WHAT TO WORK ON
In the records below, find the line containing "Stanza vuota - Appartamento" and return it together with every later line, exactly as written; pictures are to be omitted.

Crawled caption data
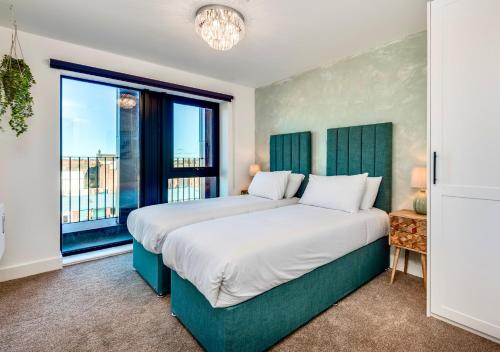 Luxury City Escape - Brand New Stylish 2 Bedroom Apartment with Parking photo 3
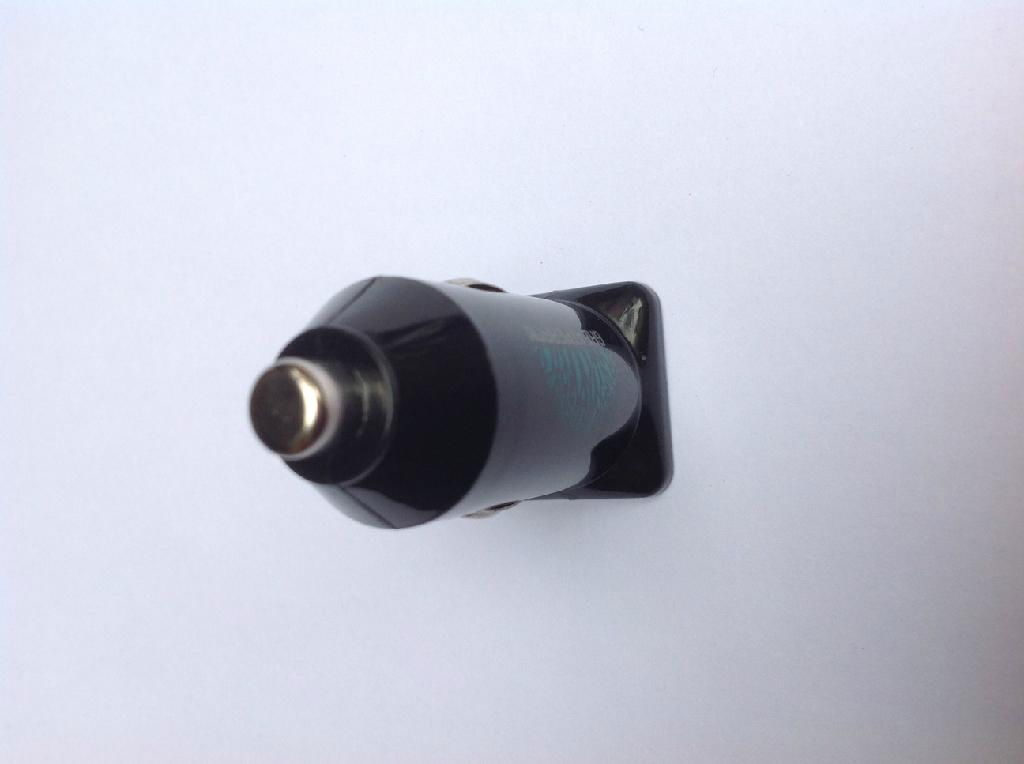 Single USB car charger （in black） 4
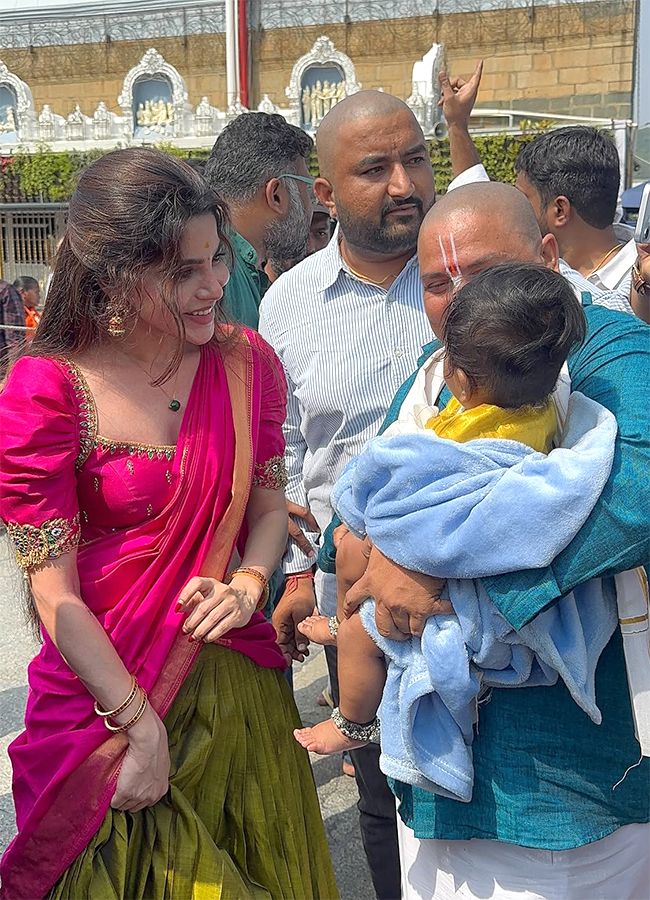 Vijay's mother Shoba Chandrasekhar and Actress Divya Bharathi visits Tirumala14
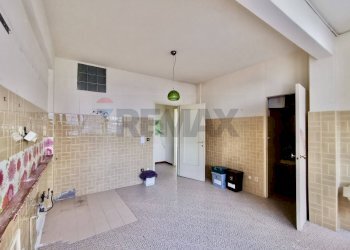 Stanza vuota - Appartamento Piazza Massimo D'Azeglio
 
61, Viareggio - foto 6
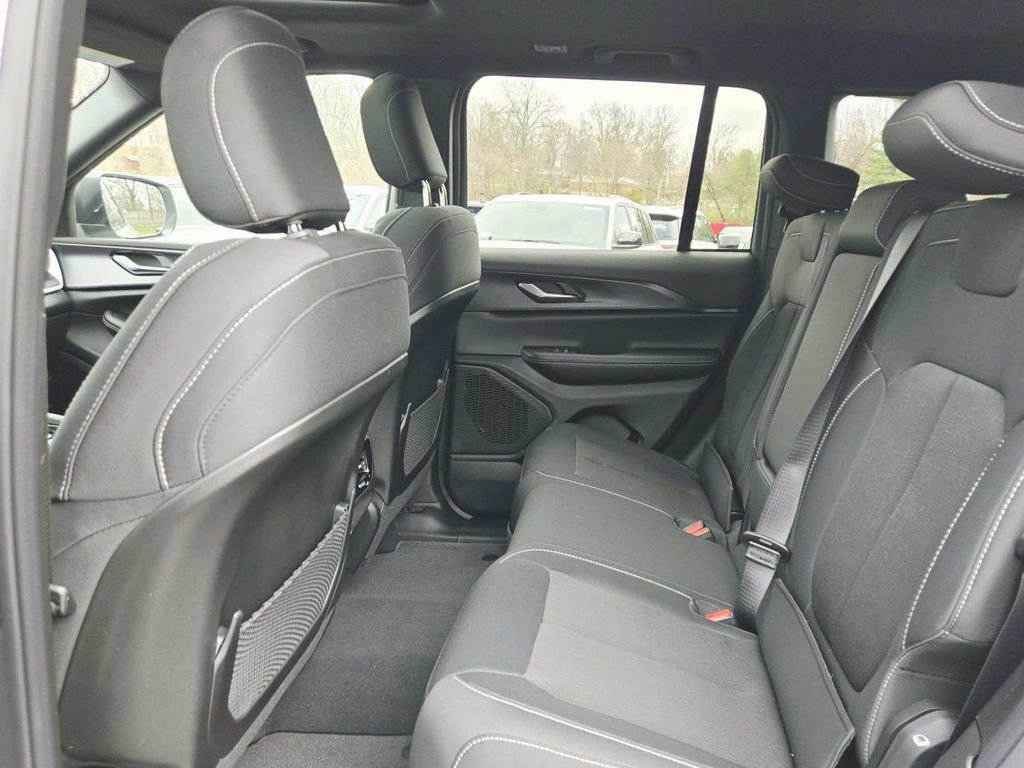New 2026 Jeep Grand Cherokee Laredo X AWD/4WD image 15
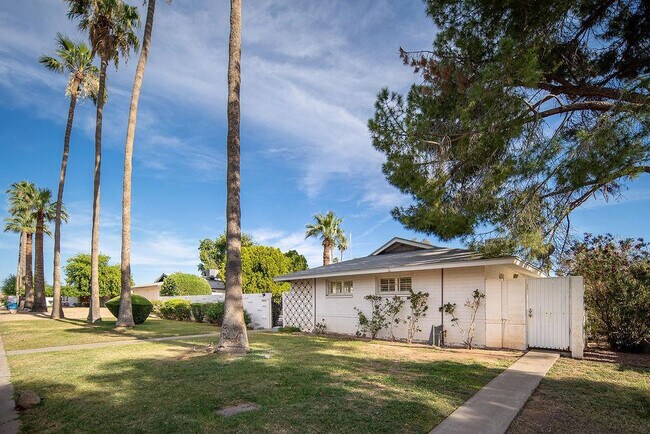 Building Photo - 3517 E Montecito Ave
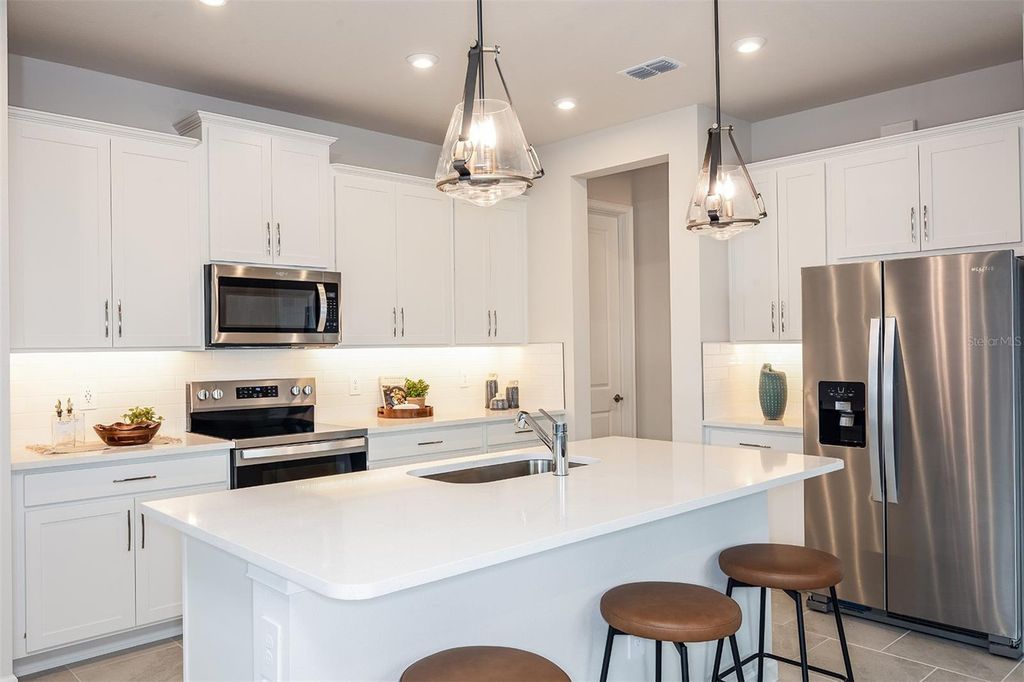 Image 6 of property listing at 5647 SKYLIGHT WAY, Palmetto, FL 34221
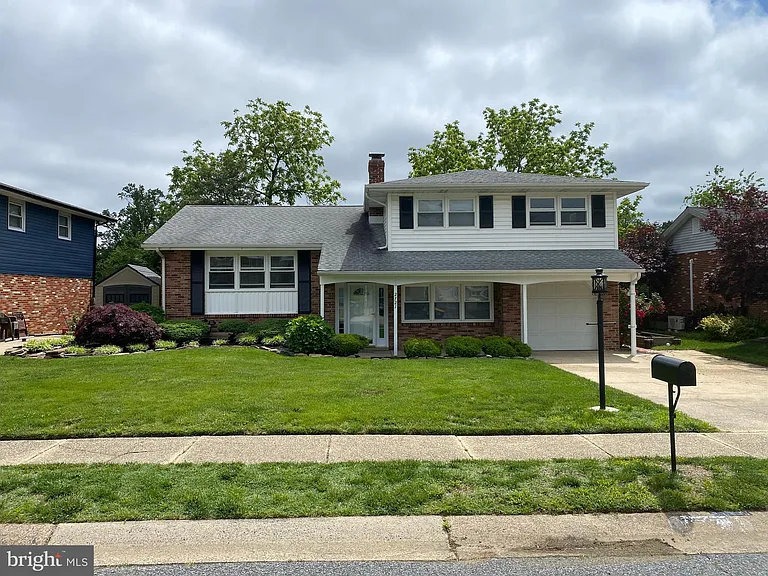 2721 Burnley Rd — Photo 1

RESPONSE BELOW
 Stanza vuota - Appartamento Piazza Massimo D'Azeglio
 
61, Viareggio - foto 6
New 2026 Jeep Grand Cherokee Laredo X AWD/4WD image 15
 Building Photo - 3517 E Montecito Ave
 Image 6 of property listing at 5647 SKYLIGHT WAY, Palmetto, FL 34221
 2721 Burnley Rd — Photo 1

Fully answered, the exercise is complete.